▶ _Exercise aim_: Pictures in the data should be dropped; transcribe exactly the lines from the one that has "Büromöbel Komplettset TABOR 5" through the one that has "Read more about".

▶ _Provided information_:
◇ ◇ ◇ ◇ ◇

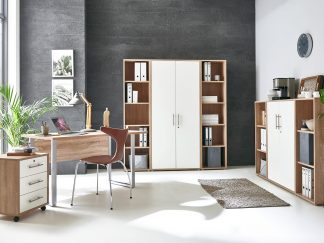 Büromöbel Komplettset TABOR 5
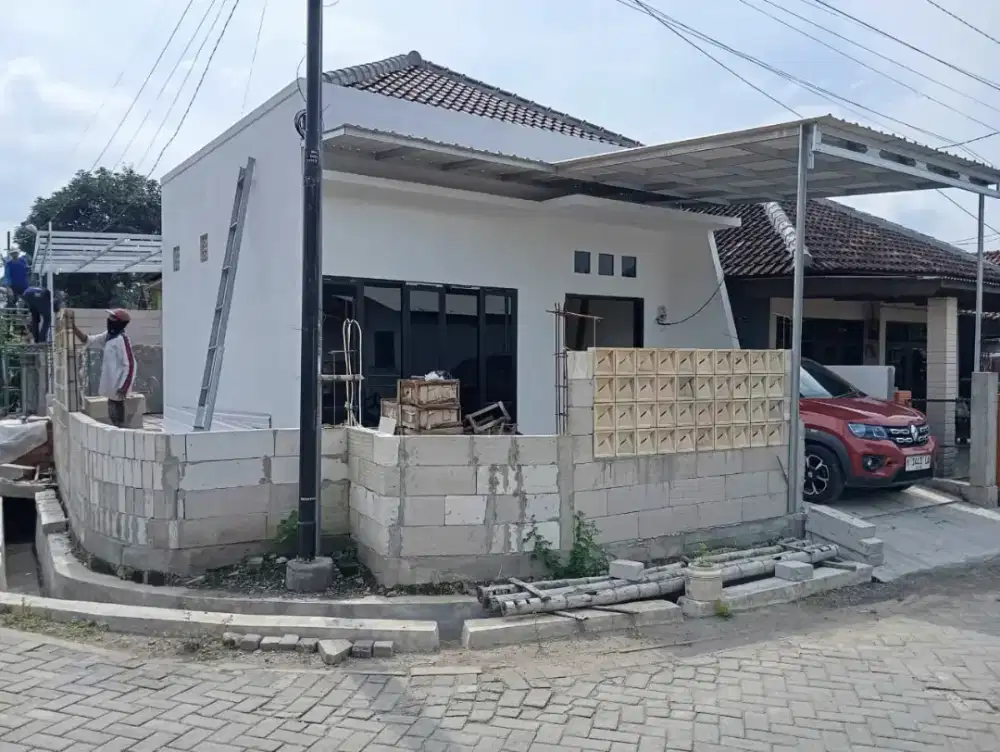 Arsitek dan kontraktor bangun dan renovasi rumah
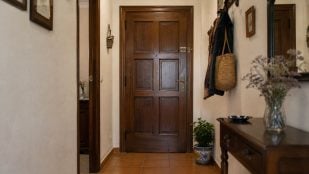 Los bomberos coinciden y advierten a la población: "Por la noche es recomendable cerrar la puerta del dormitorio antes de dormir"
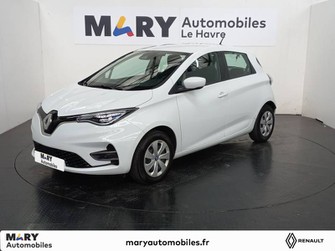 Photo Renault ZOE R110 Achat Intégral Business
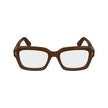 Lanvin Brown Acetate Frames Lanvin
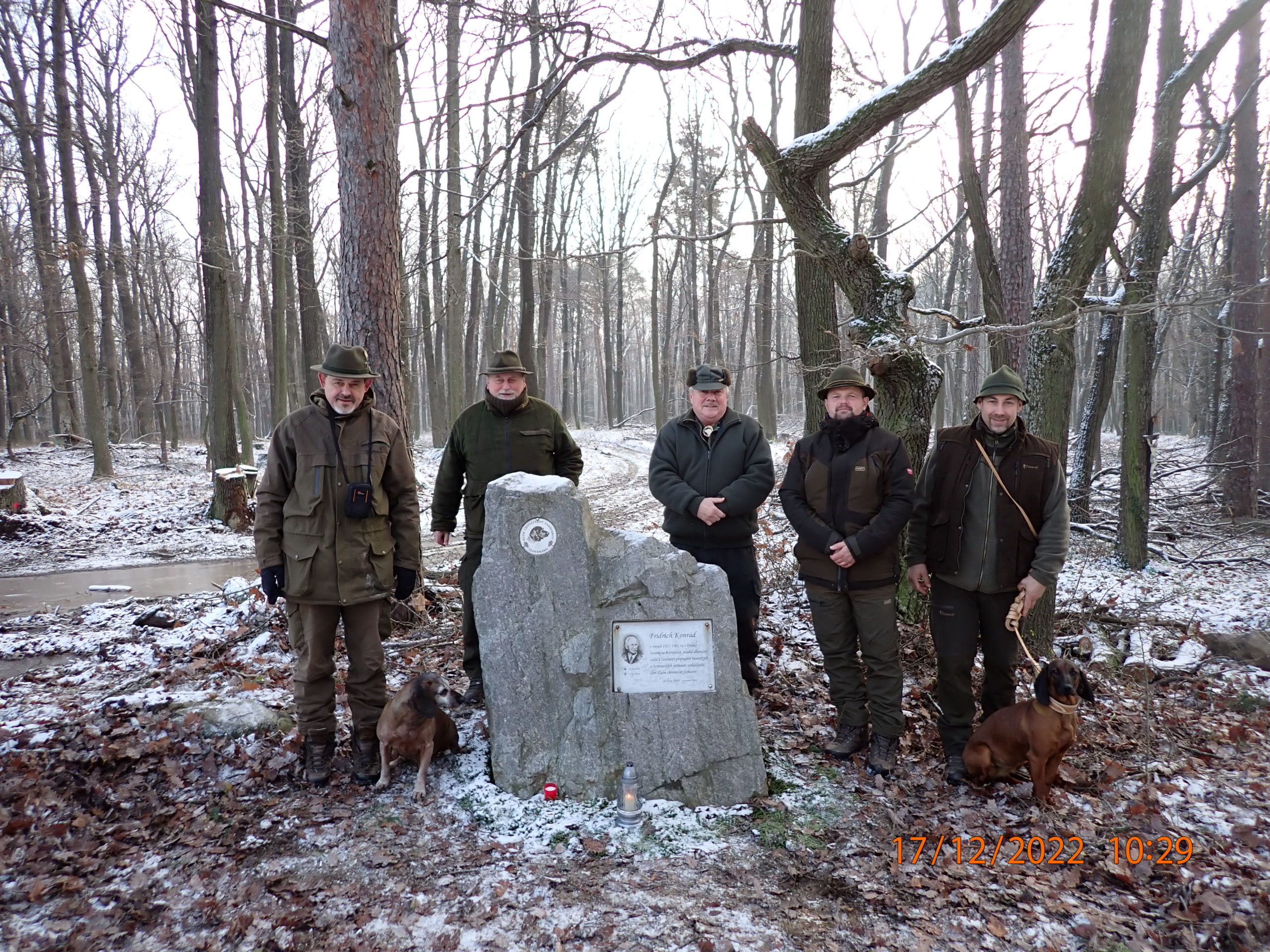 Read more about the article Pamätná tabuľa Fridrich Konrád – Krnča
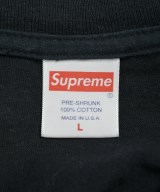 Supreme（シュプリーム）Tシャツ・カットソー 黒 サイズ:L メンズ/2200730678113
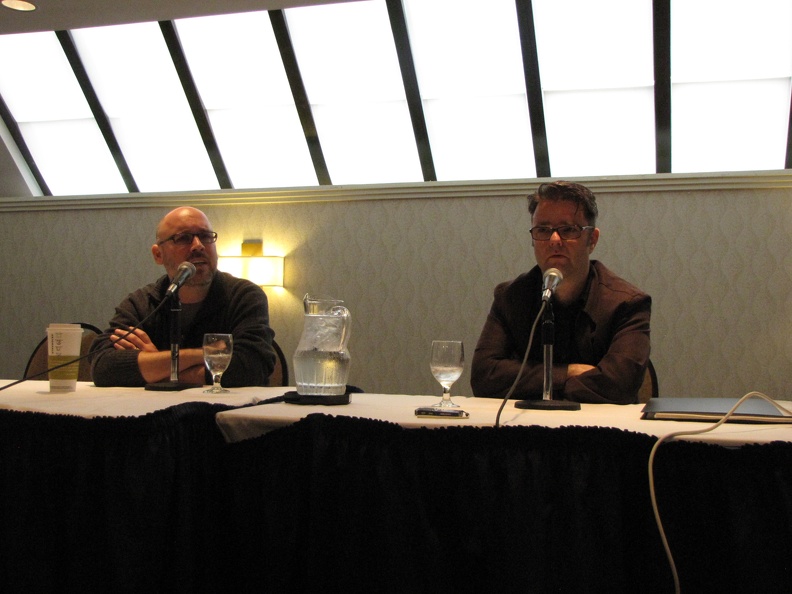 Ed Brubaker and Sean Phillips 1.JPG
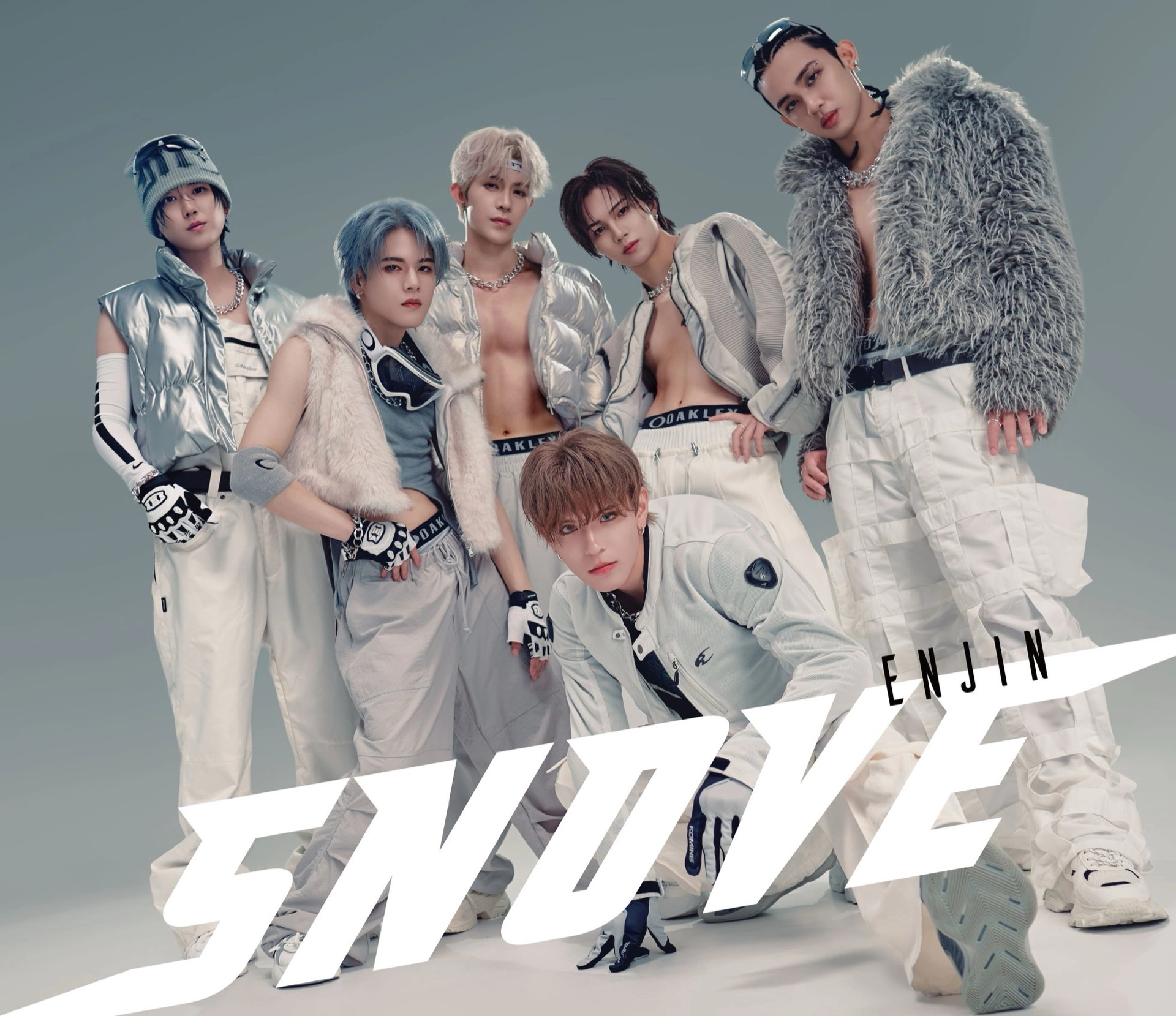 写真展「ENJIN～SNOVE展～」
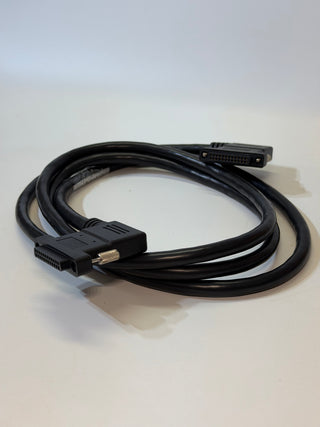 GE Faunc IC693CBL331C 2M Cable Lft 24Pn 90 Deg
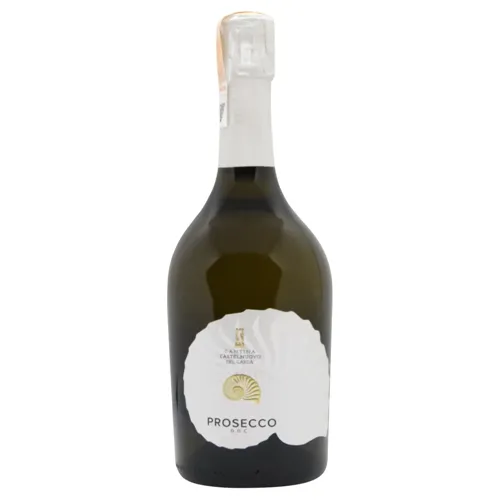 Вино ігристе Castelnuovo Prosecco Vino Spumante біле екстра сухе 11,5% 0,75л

◇ ◇ ◇ ◇ ◇

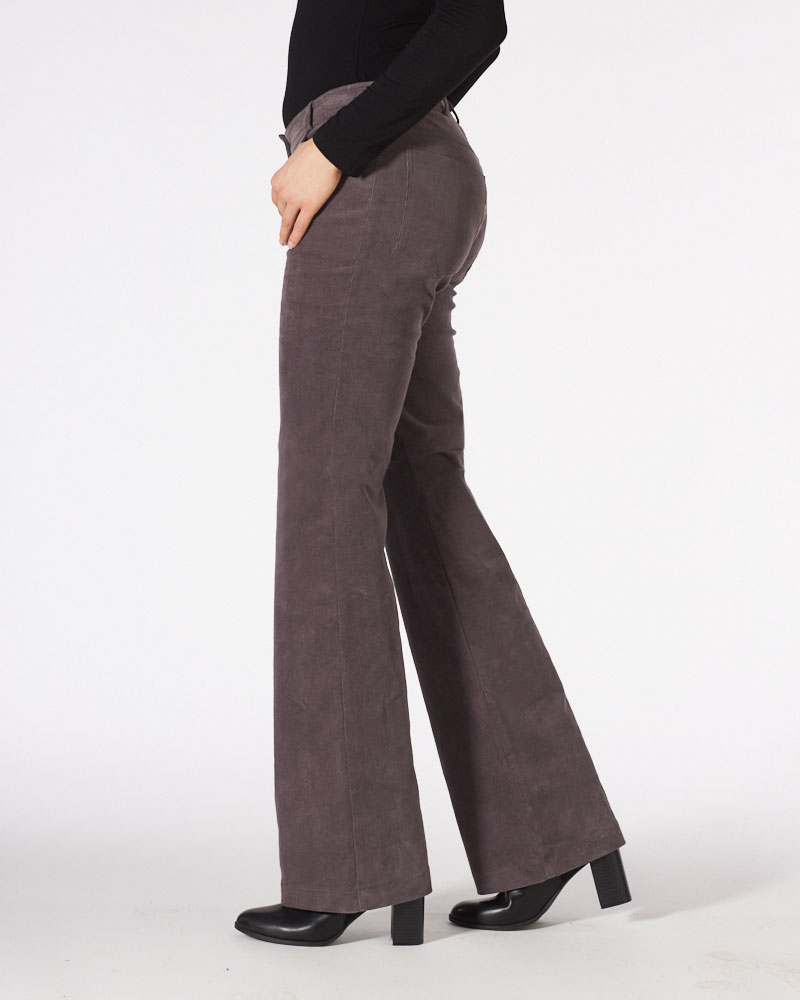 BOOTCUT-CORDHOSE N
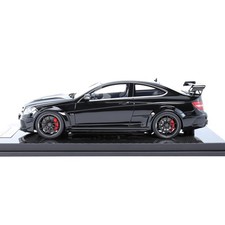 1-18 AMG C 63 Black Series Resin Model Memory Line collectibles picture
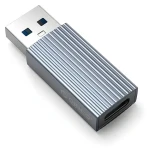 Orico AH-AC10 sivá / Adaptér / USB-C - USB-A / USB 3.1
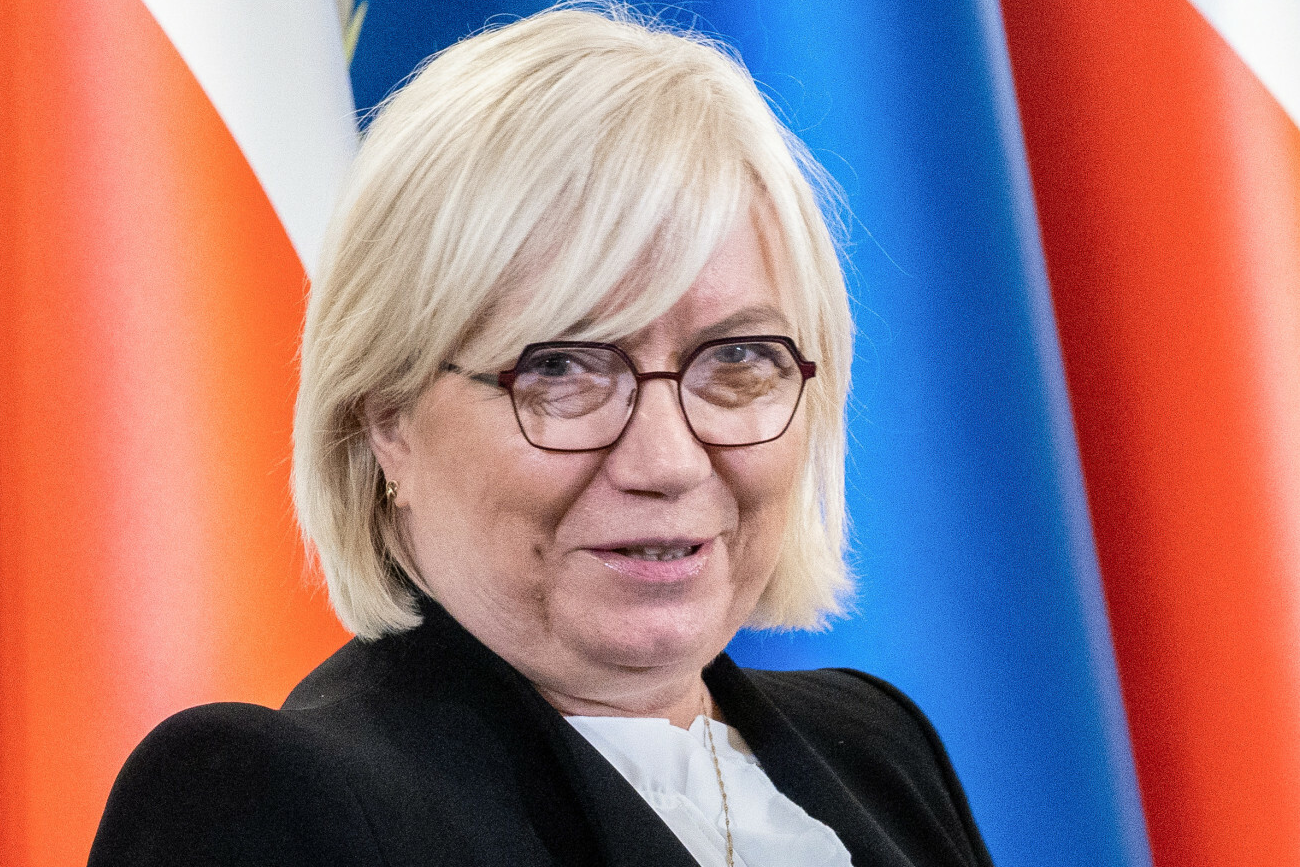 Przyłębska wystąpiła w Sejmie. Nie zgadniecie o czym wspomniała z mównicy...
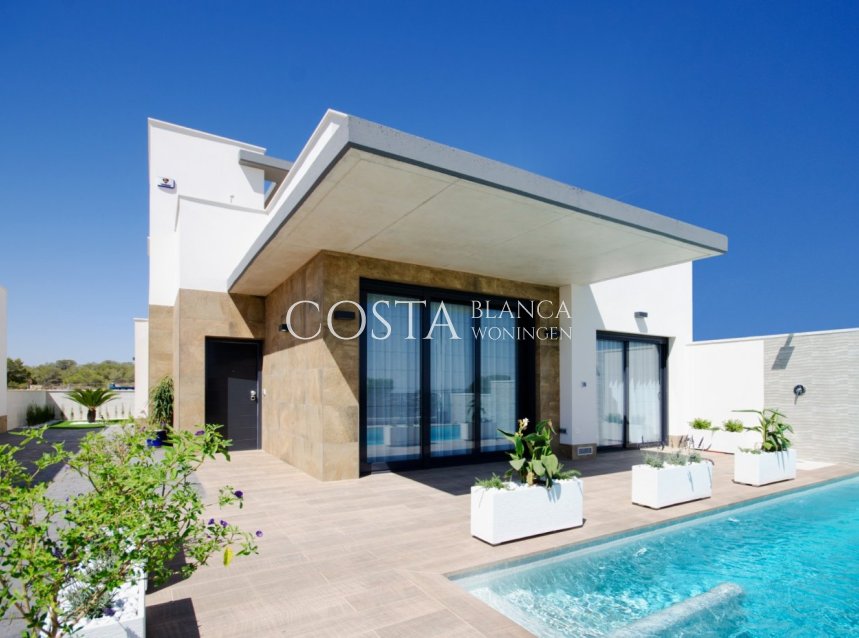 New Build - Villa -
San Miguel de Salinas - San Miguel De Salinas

◇ ◇ ◇ ◇ ◇

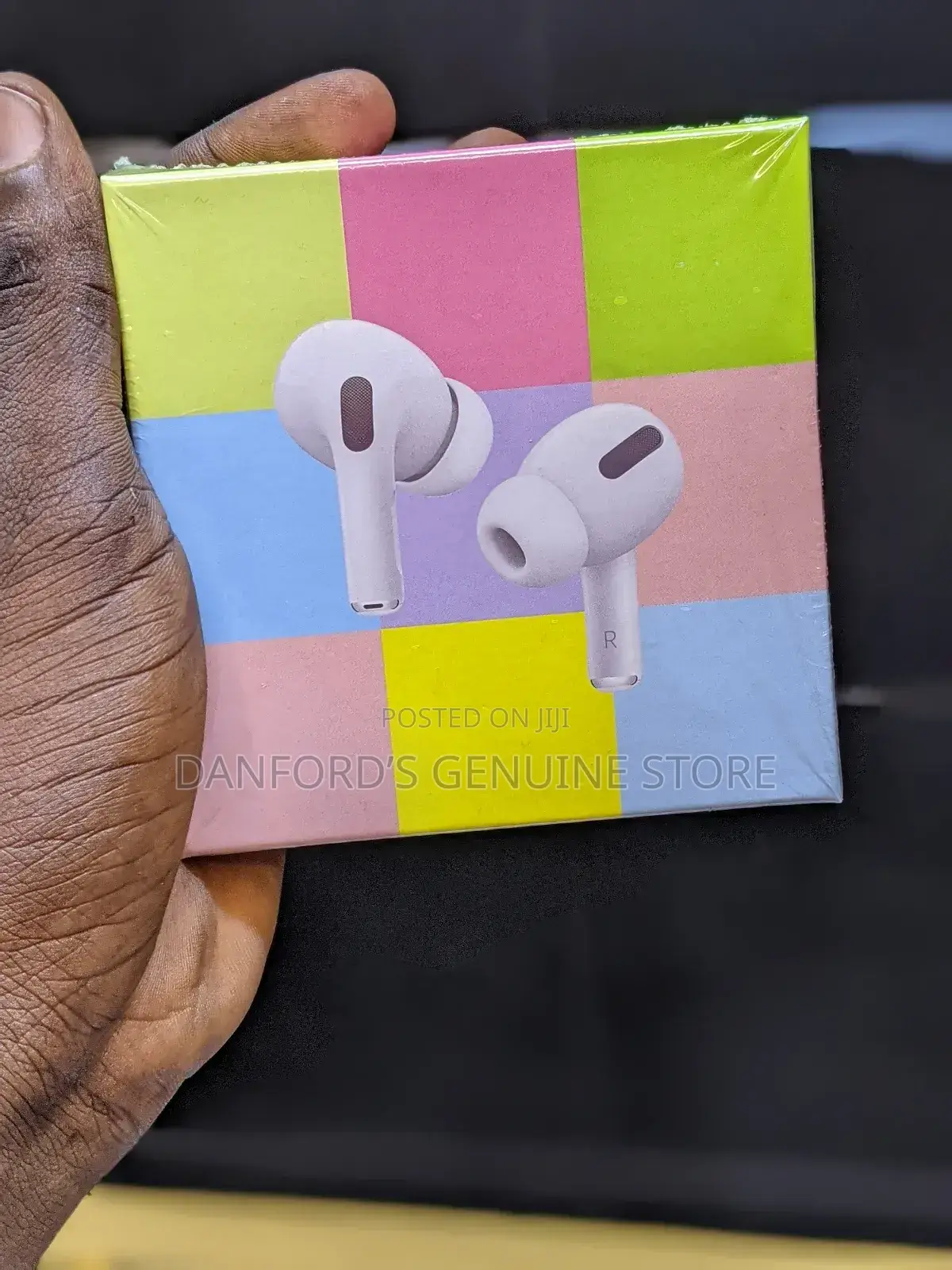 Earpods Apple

◇ ◇ ◇ ◇ ◇

▶ _Answer space_:
 Büromöbel Komplettset TABOR 5
 Arsitek dan kontraktor bangun dan renovasi rumah
 Los bomberos coinciden y advierten a la población: "Por la noche es recomendable cerrar la puerta del dormitorio antes de dormir"
 Photo Renault ZOE R110 Achat Intégral Business
 Lanvin Brown Acetate Frames Lanvin
 Read more about the article Pamätná tabuľa Fridrich Konrád – Krnča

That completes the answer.